The idea is basically right, but when I first conceived of it, I made a big mistake. I was at that point enamored of the McCulloch-Pitts logical neuron. McCulloch and Pitts had put together the idea of a very simple artificial neuron, a computational neuron, which had multiple inputs and a single branching output and a threshold for firing, and the inputs were either inhibitory or excitatory. They proved that in principle a neural net made of these logical neurons could compute anything you wanted to compute. So this was very exciting. It meant that basically you could treat the brain as a computer and treat the neuron as a sort of basic switching element in the computer, and that was certainly an inspiring over-simplification. Everybody knew is was an over-simplification, but people didn't realize how much, and more recently it's become clear to me that it's a dramatic over-simplification, because each neuron, far from being a simple logical switch, is a little agent with an agenda, and they are much more autonomous and much more interesting than any switch.

More here.

Posted by S. Abbas Raza at 12:53 PM | Permalink

Comments

Dennett's not very cogent here. Why should the mind be made up of subordinate minds? Is this just to say the brain as a huge neuron consists of subordinate single cell neurons? Philosophers stay the f... out of science. My frustration is what's the point of philosophizing about the mind as consisting of subordinate minds. I don't see any other then attempting to give an analogical account of how the mind works under the idea of the computer and evolutionary competition. I just don't see how this adds to our understanding.

Posted by: Socrates | Jan 20, 2013 5:52:22 PM

Dramatic over-simplification is a huge understatement! The brain can not simply work on its own,neurons cant exsist all by themselves and become a structuerd being. The brain works like a apprentice, slowerly moving forward picking up infomation on the way, learning from some great master.Nature? However you can see the parreles with computers. The brain is much like your home computer, when you down oad a program to your computer it is gaining more infomation and the timming is just as inportant. We will see, If Algorithms predict the futre one day this will prove that Nature,men, brains, nuerons are all a computer program!
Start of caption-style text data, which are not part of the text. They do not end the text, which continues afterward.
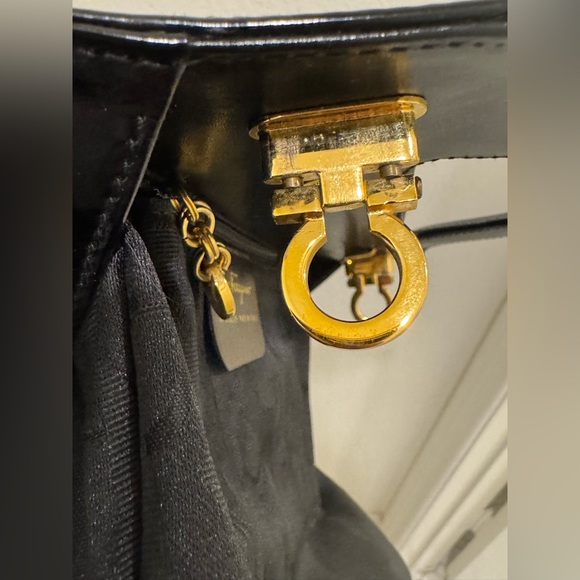 Ferragamo Gancini Wanda with crossbody strap vintage - Picture 11 of 17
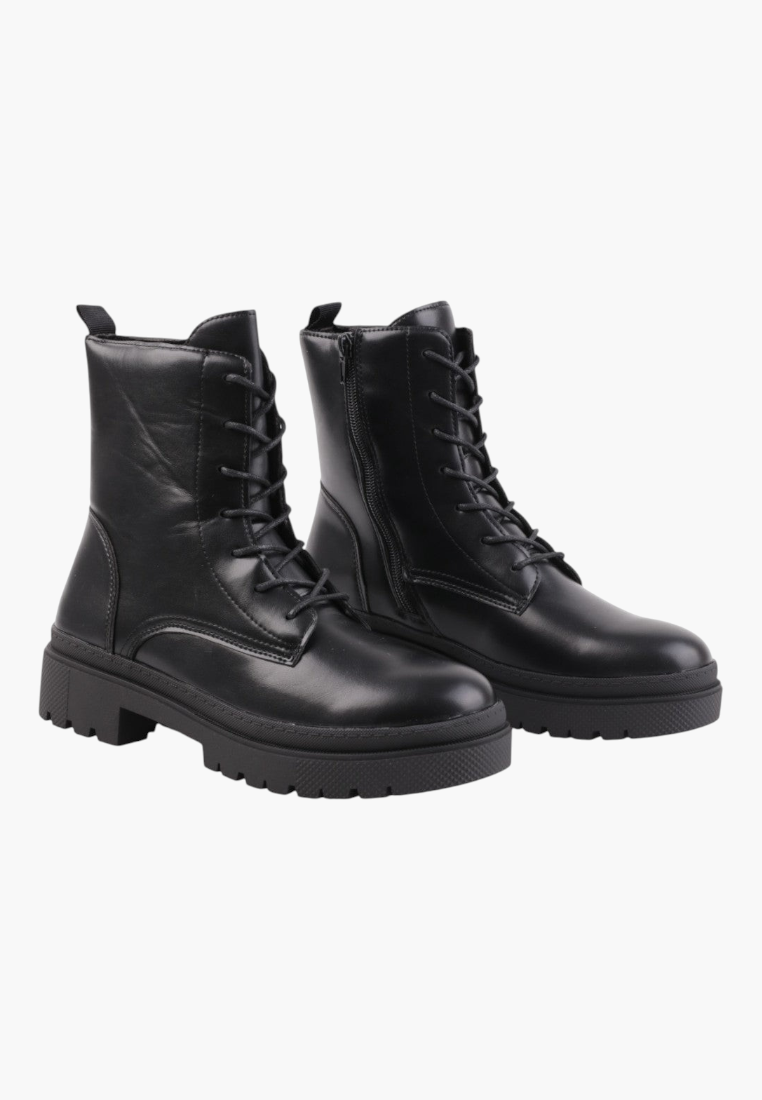 Falio black faux leather ankle boots with lace-up closure, round toe, and chunky lug sole for autumn and winter.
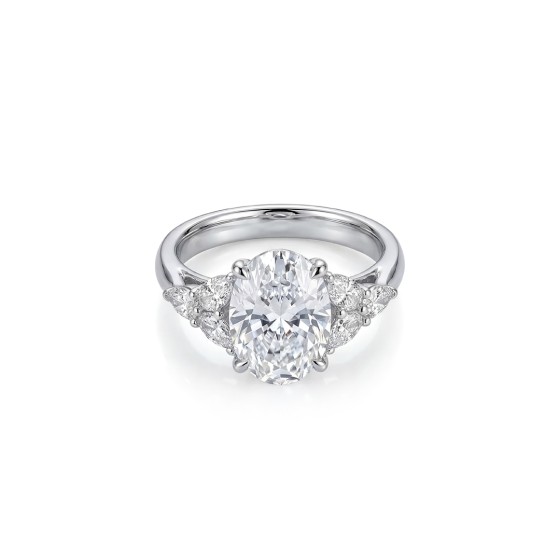 18K White Gold Oval Halo Diamond Ring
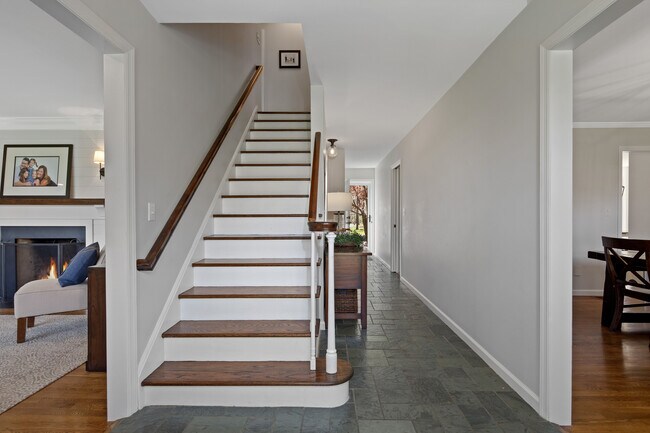 Building Photo - 5 High School Ln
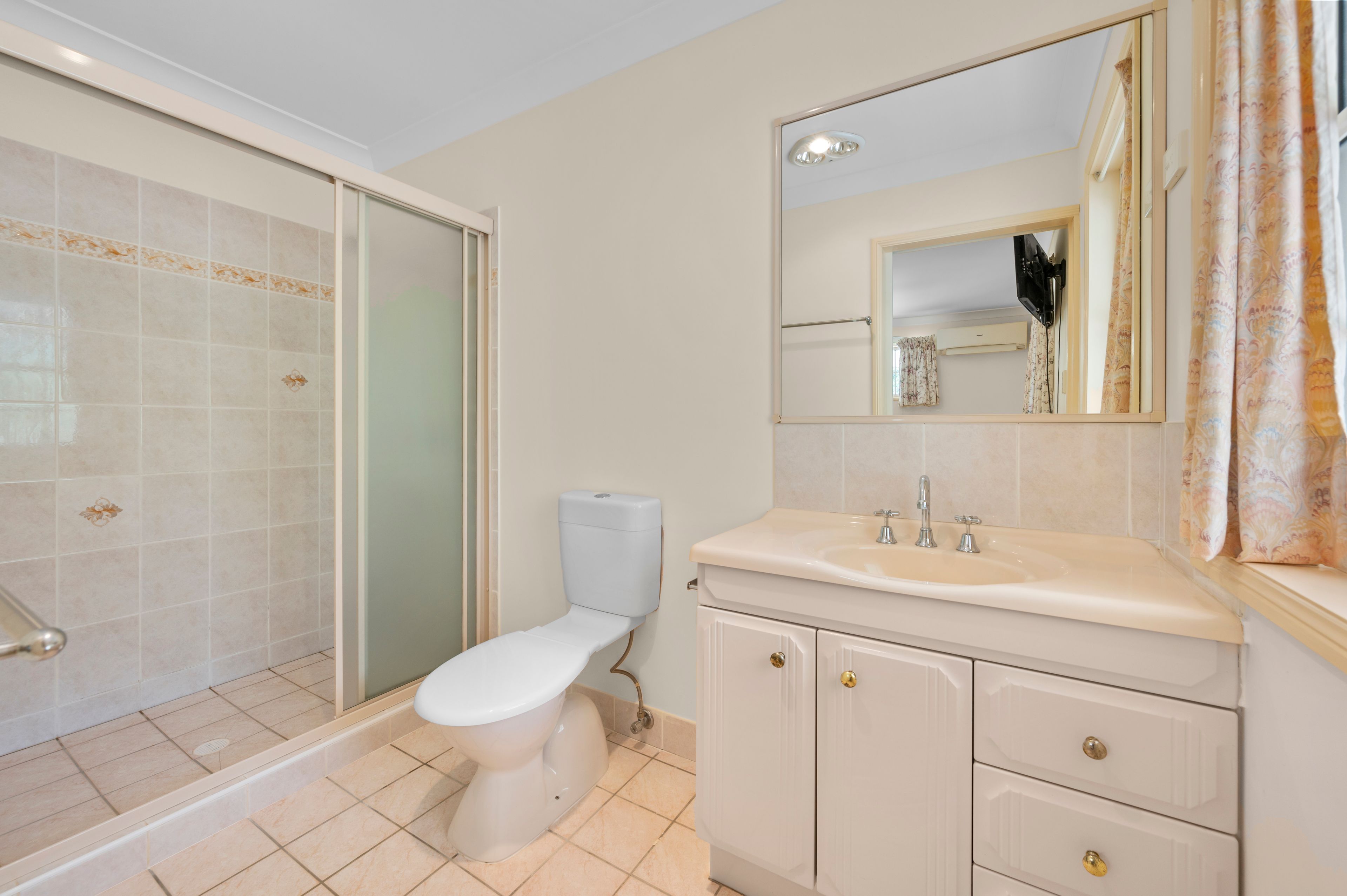 44 Greenwood Crescent — photo 13 of 19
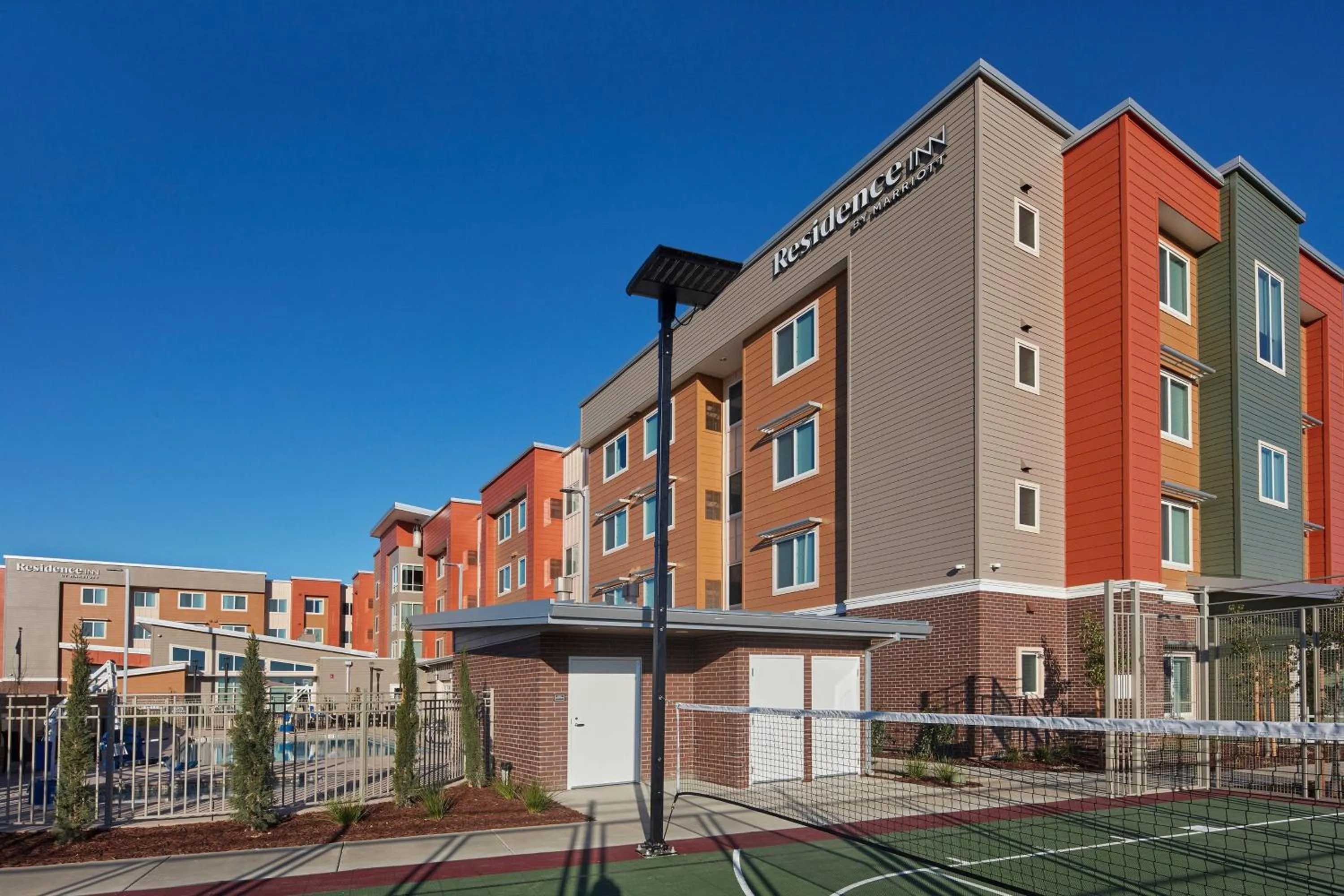 Property building in Residence Inn Sacramento Davis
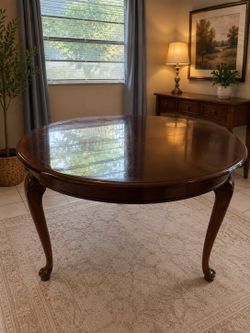 Extendable Dining Table $250 OBO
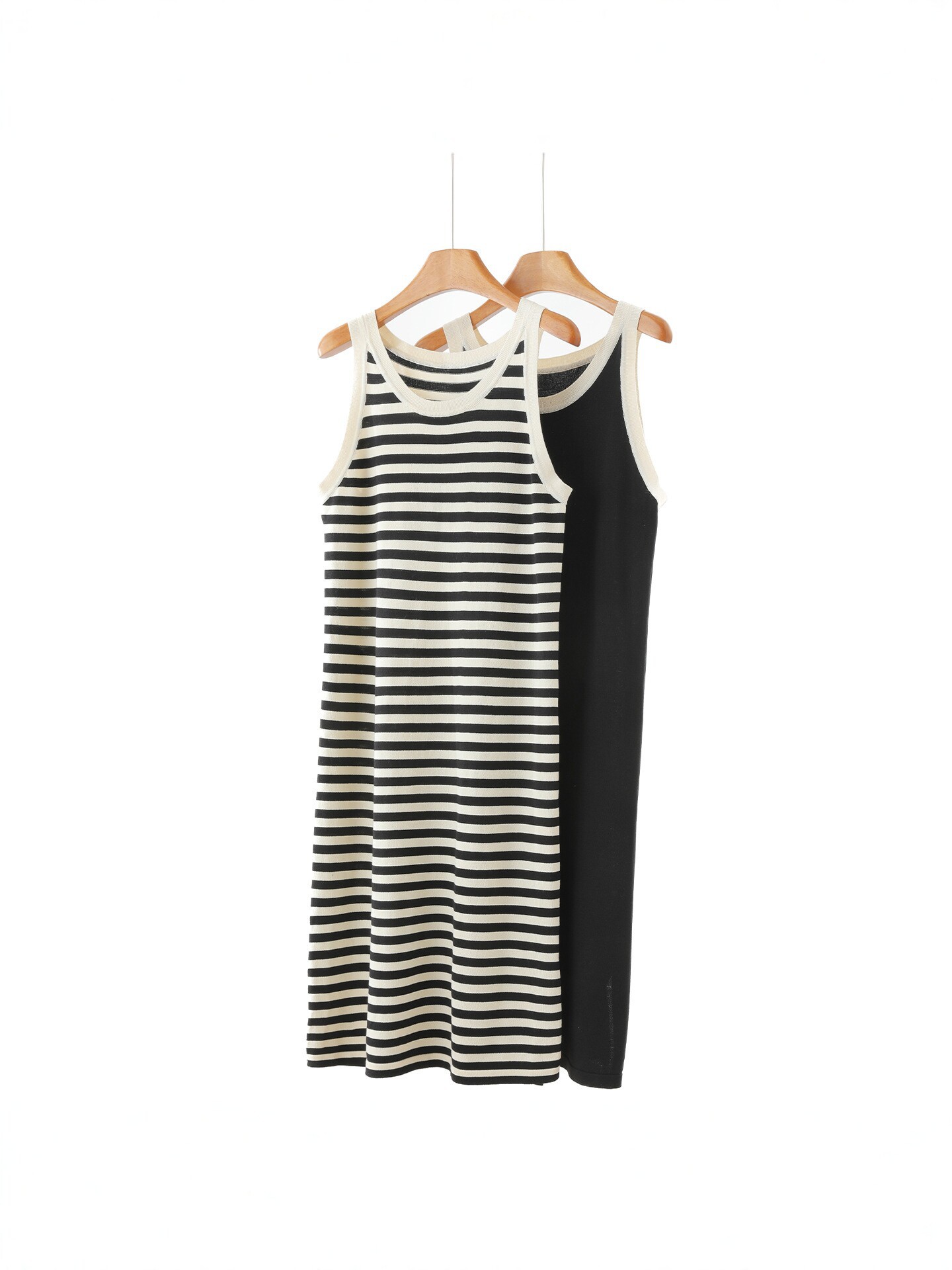 Korean Retro Striped Knitted Vest Dress for Women, Summer Sleeveless Long Strap Dress, Slimming and Drapey Over-The-Knee Dress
Posted by: Graham Bowman | Jan 20, 2013 6:09:11 PM

Dramatic over-simplification is a huge understatement! The brain can not simply work on its own, neurons can not exist all by themselves and become a structured being. The brain works like a apprentice, slow moving forward picking up information on the way, learning from some great master. Nature? However you can see the Parallels
with computers. The brain is much like your home computer, when you download a program to your computer it is gaining more information and the timing is just as important. We will see, If Algorithms predict the future one day this will prove that Nature, men, brains, neurons are all a computer program!

Posted by: Graham Bowman | Jan 20, 2013 6:18:51 PM

This is a lot of philosophical non-sense. Period!

Posted by: Félix E. F. Larocca, MD | Jan 20, 2013 7:20:19 PM

The brain is nothing without the body.

Posted by: olavi valo | Jan 20, 2013 7:38:16 PM

Brain and brain!

What is brain?

Posted by: Abby Normal | Jan 20, 2013 9:56:01 PM

Daniel Dennett is my favorite philosopher. I'm very glad to see his style and range highlighted here on 3QD.

This particular article clarifies for me why I like to read him. He's accessible and relevant, a wonderful example of what I call "a free-range intellect."

And on the off-chance he or some compatriot might read this comment, I'd like to throw out an evolutionary speculation: What if some bit of meta-DNA got mixed in with bits that build the brain, and that's how language abilities first randomly got their mutational start?

Posted by: LWP | Jan 21, 2013 3:41:35 AM

Obviously, Dennett pushes the buttons of the uneasy among us.
The literacy on the subject is a bit chewy for the lay person.